In merito alle possibili misure, il ministro ha aggiunto: "La soluzione è da vedere, è ancora troppo presto per dire cosa fare, anche se ad una trasmissione televisiva mi e' scappato di dire che vanno tassati in modo diverso". "E' stata una discussione molto interessante a livello culturale, poiché 5 o 6 anni fa si riteneva che il sistema fosse capace di autocorreggersi", ha proseguito, aggiungendo: "Penso che qualche criterio vada adottato".Tuttavia "non si può prendere una decisione in sede europea, anche se tutti sono d'accordo che serve più trasparenza".
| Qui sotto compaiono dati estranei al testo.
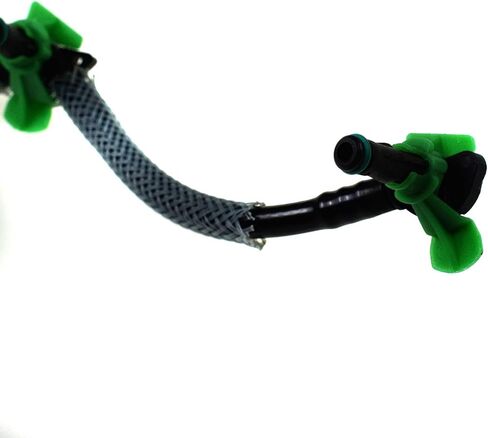 Fuel Injector Leak off Return Pipe For CITROEN 208 PEUGEOT C3 C4 1.6 HDi 1574JK in Kuwait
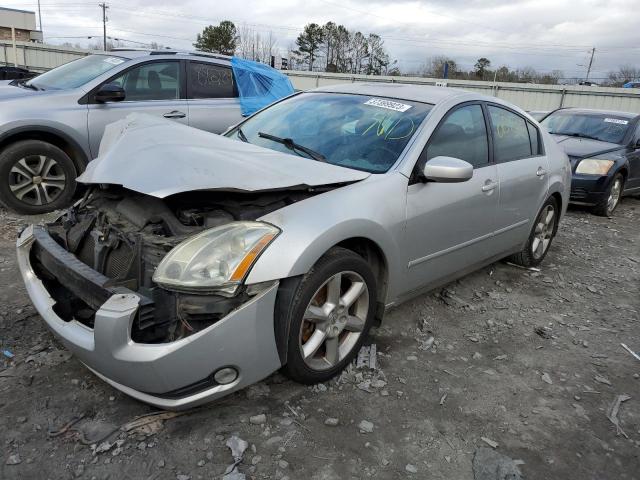 NISSAN MAXIMA SE 2006 with VIN 1N4BA41E86C862838 - Photo from auction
"Tesoretto? Magari ci fosse un tesoretto". Così il ministro delle Finanze Giulio Tremonti è tornato sul tema del 'tesoretto', ossia di un extragettito da poter usare per provvedimenti economici. Nel corso di una conferenza stampa a Bruxelles in cui ha annunciato per mercoledì prossimo le misure sull'Ici e sulla detassazione degli straordinari, Tremonti, rispondendo ad un giornalista, ha detto: "Tra un tesoretto e una polemica, cosa sceglie? Barrare una casella. Diciamo che tra avere e non avere un tesoretto, preferisco tutta la vita averlo. Ma, anche ammessa l'esistenza di questa entità ectoplasmatica, sarebbe già impegnata per ridurre il deficit".